Kitchen and bathroom remodeling projects tend to make great investments, earning homeowners significant returns when they sell their homes down the road. But flooring upgrades are another home renovation project that can attract attention and help sellers when they put their homes on the market.

Home flooring options abound, and it is easy to get excited and overwhelmed about flooring renovation projects. When choosing new flooring materials, homeowners should keep in mind the latest consumer trends, as those trends might help them recoup more of their flooring investment down the road.

One popular flooring trend is the use of sustainable materials. In addition to the more widely known benefits of choosing sustainable flooring, such as protecting natural resources and reducing a home's carbon footprint, sustainable flooring can help reduce indoor air pollution. Various studies from the U.S. Environmental Protection Agency have shown that indoor air pollutant levels may be higher indoors than outdoors. A major contributor to indoor air pollution are the volatile organic compounds, or VOCs, being off-gassed by carpeting and other flooring in a home.

Flooring manufacturers and designers are embracing the green design and remodeling movement. Today there are many beautiful and sustainable eco-flooring options. Here are some of the more popular materials.

• Bamboo: Contrary to popular belief, bamboo is not a wood, but a grass. It is a fast-growing grass, and that makes it a smart choice in many design applications. Also, unlike wood, which will absorb moisture and can warp, bamboo repels water and can be used for flooring in areas where one wouldn't think to put wood, such as in bathrooms, entryways or mudrooms. Bamboo is naturally very light in color, but can be stained in many different hues to give homeowners more options.

• Green carpeting: Consumers can now find a wide range of sustainable carpets and rugs that are available at competitive prices. Wool carpets made with undyed or vegetable-dyed yarns and minimal glues are some options. Some carpets are even made from recycled content, such as rubber and plastics. Water-based, low-VOC adhesives paired with recycled cotton padding can reduce the toxicity and impact of carpeting even further.

• Cork: Growing in popularity, cork is a material harvested from the bark of cork trees found in the forests of the Mediterranean. The bark grows back every three years, so it is a handy renewable resource. Cork boasts fire-retardant properties and may naturally repel insects. It can usually be stained to suit various color schemes.

• Rubber: Rubber flooring may call to mind fitness gyms and playground safety substrate, but it's also slowly finding its way into homes.

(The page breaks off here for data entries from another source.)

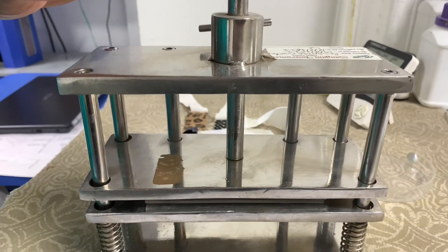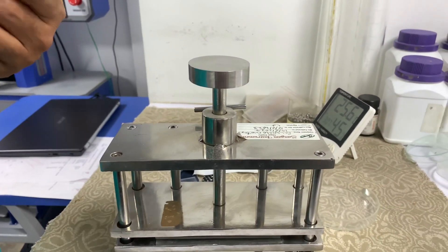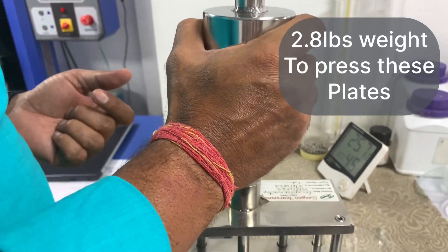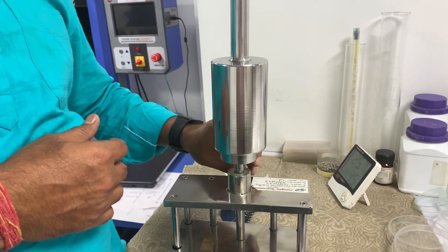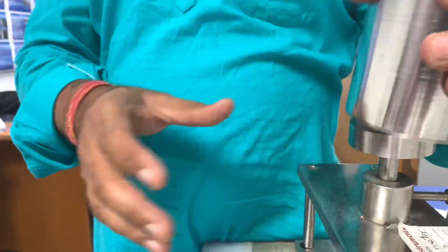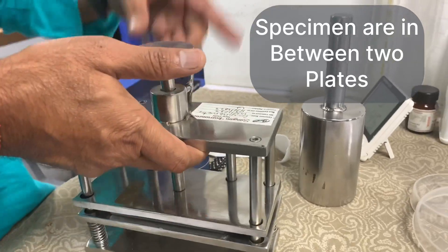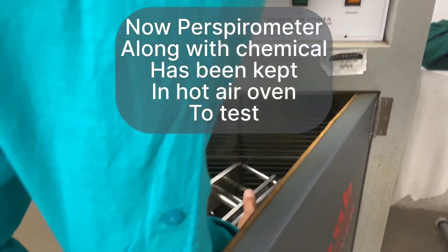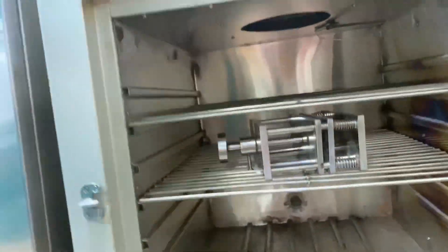Now you can see both plates are attached together. We need to add weight — the weight is 2.8 lbs — and place it inside the hot air oven along with the specimen to test.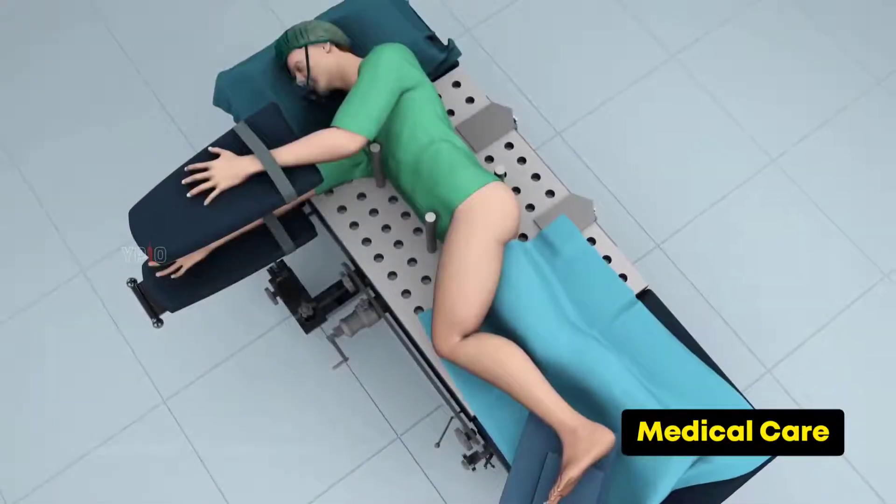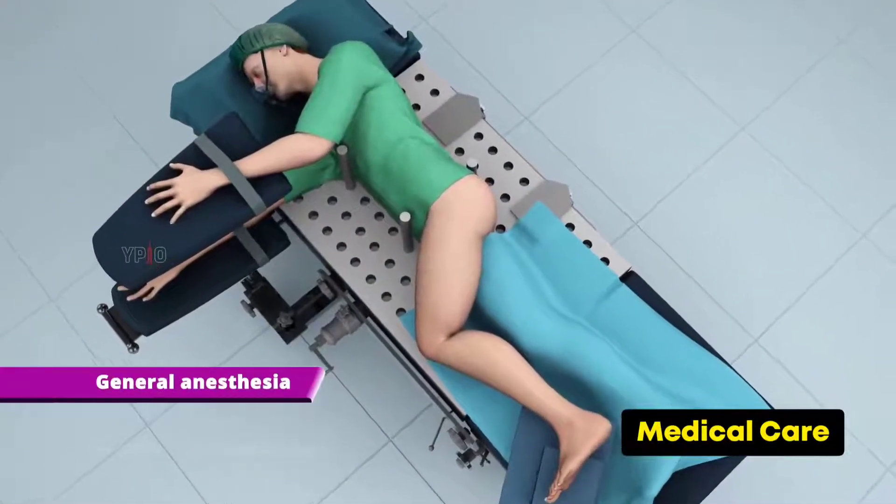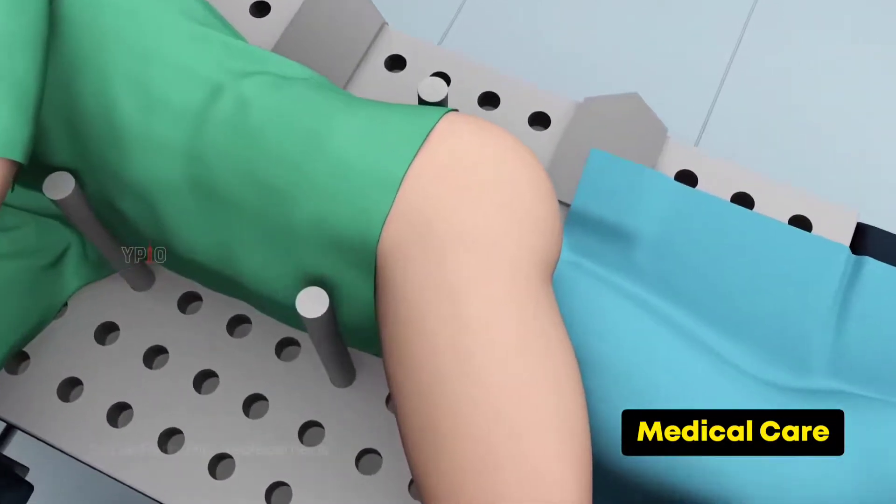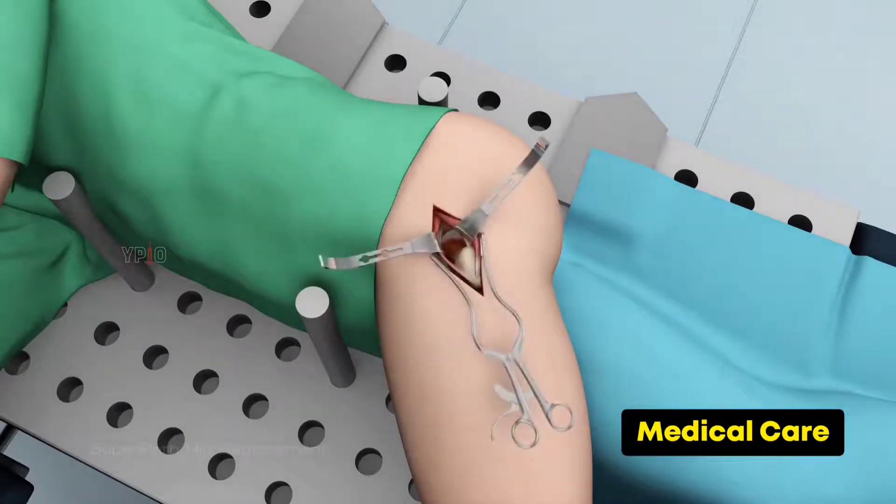Super path hip replacement is performed under general anesthesia. You will lie on your side for the procedure. A two to three centimeter incision is made on the side of your hip. Your surgeon retracts the buttock muscles and tendons.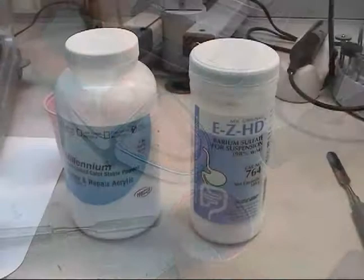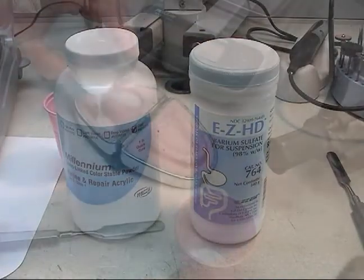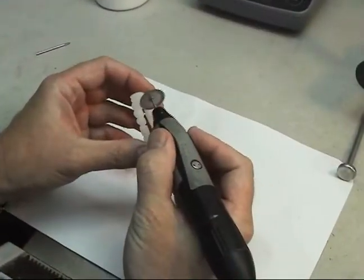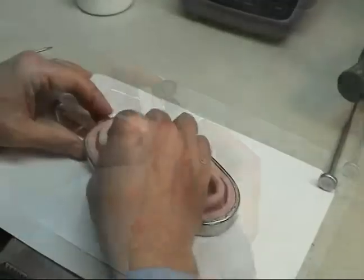A mixture of 30% barium sulfate and acrylic resin was poured into the tooth portion of the mold. After setting, the tooth portion was removed, trimmed, and reinserted into the mold.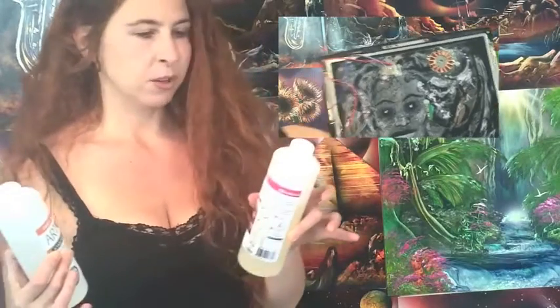Welcome, my name is Elisa Moore of Spray Paint Art Secrets and Airbrush Painting Secrets. I want to tell you about some really cool stuff I've discovered. This is a review of an epoxy gloss that you can use to put a super high gloss finish on your airbrush or spray paint paintings.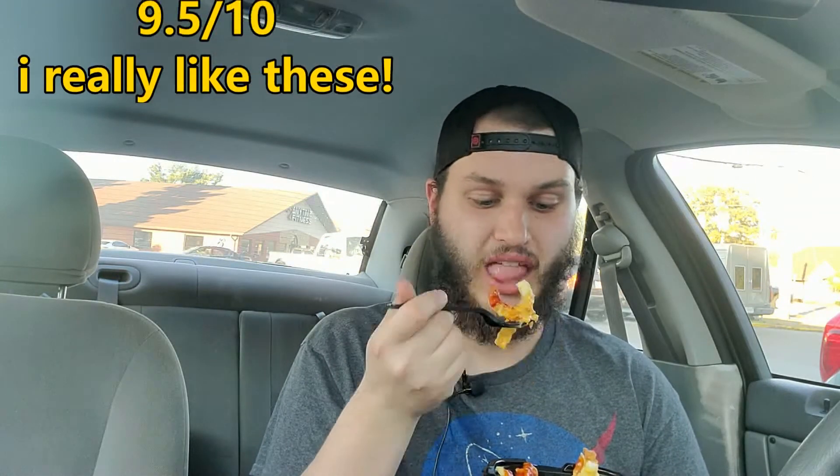It's a solid nine out of ten — I overall really do like these. But what are you guys' thoughts? Put it down in the comments. And if you did this on TikTok, please tag me — here is my TikTok username for Fast Talk Reviews. Tag me in it, like to see it, follow me there. You guys have a good rest of your day. Stay rated, stay faithful. Peace.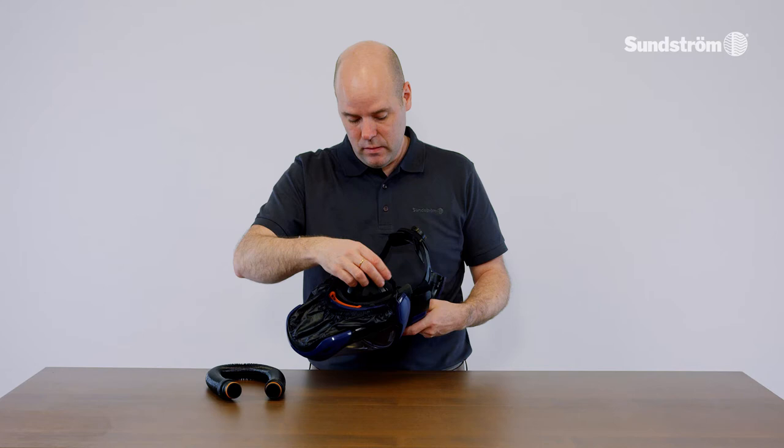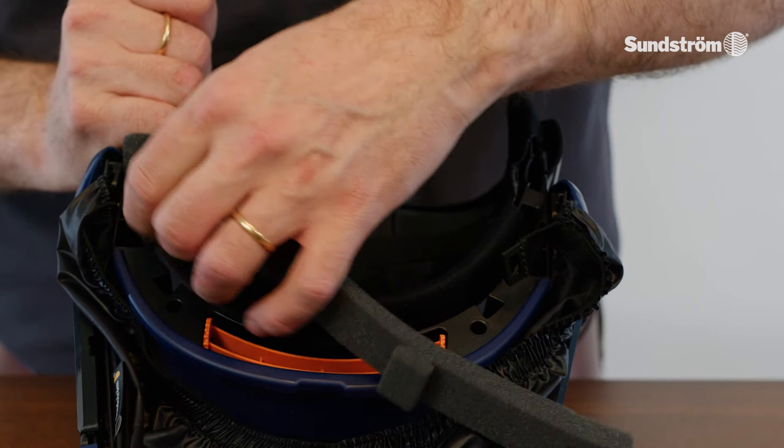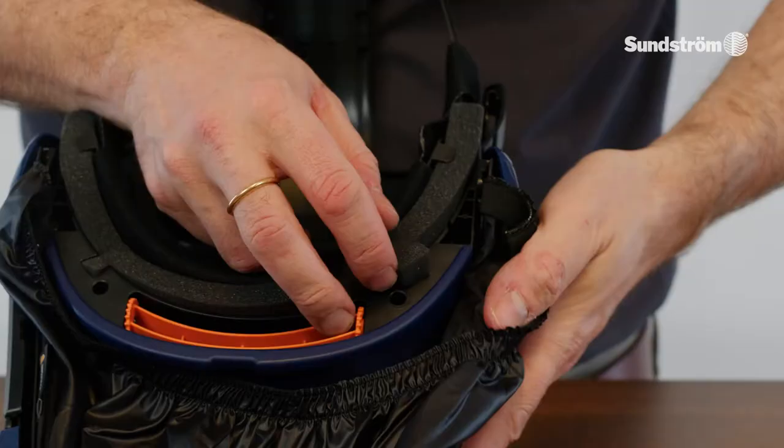Change the head harness seal. Release the face seal hooks. Remove the head harness seal. Fit the face seal to the sides of the head harness.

Made from recycled tires, rubber flooring is flexible underfoot and can be long-lasting and colorful.

• Reclaimed wood: Rather than purchasing brand new hardwood planks for flooring, homeowners can opt for reclaimed wood reused from other building applications. After some sanding, staining and finishing, reclaimed wood provides homeowners with the opportunity to choose traditional hardwood flooring without any concerns about deforestation.

Eco-friendly flooring materials continue to evolve and can be smart choices in today's homes.